Israel’s defense minister Israel Katz last month indicated that this displacement would be permanent as the Israeli army makes preparations for a long occupation of the northern refugee camps as the military assault nearly enters its third month.
Albanese warned that a mass ethnic cleansing campaign is underway, as Israel uses the fog of war to advance its long-standing objective of seizing Palestinian land.
“The world meanwhile is pretending not to see history repeating itself,” she said.
War crime
Albanese’s statement was issued on the same day as a report by the UN Human Rights Office detailing Israel’s advancement of settlements in the West Bank between November 2023 and October 2024, and the illegal transfer of Jewish Israelis there.
The report stated that Israel’s maintenance and expansion of settlements “amount to annexation” of large parts of the West Bank.
The Israeli government allocated $200 million to settlement projects from its budget in 2024 – including for constructing roads between settlements, funding “outposts” or backing so-called “security” for settlements and outposts.
These acts “amount to the transfer by Israel of its population” to occupied Palestinian territory.
“The transfer by Israel of parts of its own civilian population into the territory it occupies amounts to a war crime,” the UN High Commissioner for Human Rights Volker Türk said.

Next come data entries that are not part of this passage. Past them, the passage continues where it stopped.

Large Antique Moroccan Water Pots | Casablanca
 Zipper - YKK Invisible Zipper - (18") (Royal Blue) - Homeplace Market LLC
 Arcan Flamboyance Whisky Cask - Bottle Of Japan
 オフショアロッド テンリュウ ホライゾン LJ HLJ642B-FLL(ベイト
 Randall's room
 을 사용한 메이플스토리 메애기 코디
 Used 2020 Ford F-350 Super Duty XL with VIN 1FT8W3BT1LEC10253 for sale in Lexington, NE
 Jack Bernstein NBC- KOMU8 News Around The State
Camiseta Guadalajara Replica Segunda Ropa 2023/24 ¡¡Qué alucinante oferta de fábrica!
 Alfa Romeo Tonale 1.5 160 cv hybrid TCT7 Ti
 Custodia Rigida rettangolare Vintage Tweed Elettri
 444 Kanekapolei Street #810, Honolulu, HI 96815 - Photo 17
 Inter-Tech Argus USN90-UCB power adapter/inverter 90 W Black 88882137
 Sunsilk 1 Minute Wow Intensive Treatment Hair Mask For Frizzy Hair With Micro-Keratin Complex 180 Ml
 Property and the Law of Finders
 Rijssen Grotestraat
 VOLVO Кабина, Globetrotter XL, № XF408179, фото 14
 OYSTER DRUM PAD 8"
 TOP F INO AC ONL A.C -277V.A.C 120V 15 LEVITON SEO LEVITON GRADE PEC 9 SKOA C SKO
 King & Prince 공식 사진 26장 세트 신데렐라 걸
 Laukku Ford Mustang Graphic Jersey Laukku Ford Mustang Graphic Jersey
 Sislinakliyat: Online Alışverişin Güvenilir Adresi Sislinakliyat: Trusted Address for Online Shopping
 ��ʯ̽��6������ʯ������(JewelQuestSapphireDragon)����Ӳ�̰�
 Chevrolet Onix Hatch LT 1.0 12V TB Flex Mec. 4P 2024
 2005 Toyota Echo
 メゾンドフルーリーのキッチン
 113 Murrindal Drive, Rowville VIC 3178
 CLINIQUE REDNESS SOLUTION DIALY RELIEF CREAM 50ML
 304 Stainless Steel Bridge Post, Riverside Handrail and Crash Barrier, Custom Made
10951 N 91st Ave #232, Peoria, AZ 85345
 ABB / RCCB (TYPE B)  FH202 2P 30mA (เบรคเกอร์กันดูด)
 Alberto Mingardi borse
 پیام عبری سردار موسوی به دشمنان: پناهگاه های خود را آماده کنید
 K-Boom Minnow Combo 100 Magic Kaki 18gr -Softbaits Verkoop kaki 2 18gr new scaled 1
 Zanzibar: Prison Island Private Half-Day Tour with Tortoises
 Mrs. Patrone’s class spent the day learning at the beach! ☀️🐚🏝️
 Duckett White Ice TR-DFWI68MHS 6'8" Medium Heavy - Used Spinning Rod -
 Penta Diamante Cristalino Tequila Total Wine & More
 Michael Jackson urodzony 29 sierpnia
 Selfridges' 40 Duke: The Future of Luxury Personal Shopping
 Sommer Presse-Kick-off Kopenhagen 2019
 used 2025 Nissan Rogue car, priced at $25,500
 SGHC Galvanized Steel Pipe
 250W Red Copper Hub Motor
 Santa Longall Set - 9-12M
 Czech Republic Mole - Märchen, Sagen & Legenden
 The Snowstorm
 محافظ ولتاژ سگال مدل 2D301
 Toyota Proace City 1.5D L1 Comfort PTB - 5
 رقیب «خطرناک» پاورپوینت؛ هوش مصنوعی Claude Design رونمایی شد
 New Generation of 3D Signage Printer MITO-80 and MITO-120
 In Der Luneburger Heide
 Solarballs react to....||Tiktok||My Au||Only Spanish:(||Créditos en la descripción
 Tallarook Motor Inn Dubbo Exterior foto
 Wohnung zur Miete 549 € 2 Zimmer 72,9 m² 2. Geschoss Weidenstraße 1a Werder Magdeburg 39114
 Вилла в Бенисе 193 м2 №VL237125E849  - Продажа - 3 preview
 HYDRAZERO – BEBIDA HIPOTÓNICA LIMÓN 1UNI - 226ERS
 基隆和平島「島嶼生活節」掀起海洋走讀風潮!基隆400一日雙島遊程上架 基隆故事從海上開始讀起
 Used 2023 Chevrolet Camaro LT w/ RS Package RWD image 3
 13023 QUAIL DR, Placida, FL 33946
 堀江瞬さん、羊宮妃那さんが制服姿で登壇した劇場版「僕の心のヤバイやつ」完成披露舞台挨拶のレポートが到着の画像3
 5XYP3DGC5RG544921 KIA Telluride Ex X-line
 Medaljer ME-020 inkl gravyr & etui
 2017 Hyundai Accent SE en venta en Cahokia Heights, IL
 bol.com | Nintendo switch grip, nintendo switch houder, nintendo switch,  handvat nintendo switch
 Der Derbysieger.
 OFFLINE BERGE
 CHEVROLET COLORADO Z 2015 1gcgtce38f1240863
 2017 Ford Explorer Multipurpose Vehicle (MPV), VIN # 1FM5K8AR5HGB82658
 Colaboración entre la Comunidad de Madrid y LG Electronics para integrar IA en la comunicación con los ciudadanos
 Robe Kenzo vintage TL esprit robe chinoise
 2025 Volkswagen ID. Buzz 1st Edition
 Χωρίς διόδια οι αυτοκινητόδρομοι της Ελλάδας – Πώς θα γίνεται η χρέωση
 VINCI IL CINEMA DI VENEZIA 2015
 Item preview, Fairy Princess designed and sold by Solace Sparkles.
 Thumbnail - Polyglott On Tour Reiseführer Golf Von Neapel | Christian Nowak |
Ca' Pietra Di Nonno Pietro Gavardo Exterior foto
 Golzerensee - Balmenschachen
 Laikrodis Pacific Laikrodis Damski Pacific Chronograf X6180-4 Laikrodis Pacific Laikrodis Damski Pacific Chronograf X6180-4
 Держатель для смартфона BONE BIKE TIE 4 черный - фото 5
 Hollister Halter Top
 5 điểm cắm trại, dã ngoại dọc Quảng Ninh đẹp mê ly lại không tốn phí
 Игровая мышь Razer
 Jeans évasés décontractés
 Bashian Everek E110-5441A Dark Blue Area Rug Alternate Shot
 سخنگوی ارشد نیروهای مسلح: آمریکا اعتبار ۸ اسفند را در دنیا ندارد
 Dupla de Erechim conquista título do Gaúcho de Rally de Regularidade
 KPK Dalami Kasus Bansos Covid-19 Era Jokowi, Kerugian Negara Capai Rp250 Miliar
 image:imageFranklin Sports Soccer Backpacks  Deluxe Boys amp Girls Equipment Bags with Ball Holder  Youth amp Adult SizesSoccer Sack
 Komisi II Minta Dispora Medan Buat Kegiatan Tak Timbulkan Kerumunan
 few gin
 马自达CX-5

More than 10,000 housing units were advanced or approved in existing settlements in Area C over the reporting period. Area C is the 60 percent of the West Bank under full Israeli military control according to the Oslo accords of the 1990s. But in reality, the Israeli military controls the whole of the West Bank and has been conducting raids in the smaller areas where the Palestinian Authority has nominal control.
By the end of October 2024, there were nearly 740,000 Israeli settlers in the West Bank, including East Jerusalem. All of Israel’s settlements in the West Bank and Syria’s Golan Heights are illegal under international law and are considered a war crime.
In July 2024, the International Court of Justice ruled that Israel’s presence in the West Bank is illegal and must end.
“Israel’s conduct aiming to ethnically cleanse the land between the river to the sea, amounts to a genocidal campaign to erase Palestinians as a people,” Francesca Albanese added.
Settler violence
A “climate of revenge” has prevailed in the West Bank since 7 October 2023. Settler violence has skyrocketed, leading to the forcible displacement of Palestinians from herding communities.
“The line between settler and state violence blurred to a vanishing point, further enabling an increase in violence and impunity,” the UN report states.
“Palestinian victims of violence increasingly referred to ‘settler-soldiers’ when recounting incidents to OHCHR [the Office of the High Commissioner for Human Rights].”
The monthly average of settler violence in 2024 was 118 incidents.
This was an increase from the 108 average of 2023, which was a year in which “settler violence had already reached unprecedented levels.”
Nearly 1,300 incidents resulted in casualties or property damage that year. That was a 51 percent increase in the number of incidents during 2022 and more than a two-fold increase on the number of incidents during 2021.
Destruction in refugee camps
Meanwhile, as Israel pounded Gaza in the early hours of Tuesday killing hundreds of Palestinians, the Israeli military assault on the West Bank’s refugee camps continued unabated.
This has been the worst military assault on the West Bank since the second intifada nearly two decades ago, said Albanese.
Nearly 70 Palestinians have been killed since January.
The Israeli army uprooted around 85 percent of the streets of Jenin refugee camp in the north, the municipality’s director Mamdouh Assaf said.
One quarter of the refugee camp’s population has been forcibly displaced, the city’s mayor said in a statement.
Throughout January and February, the World Health Organization recorded more than 60 attacks on healthcare across the West Bank, the vast majority in the northern area where Israel has focused its attack.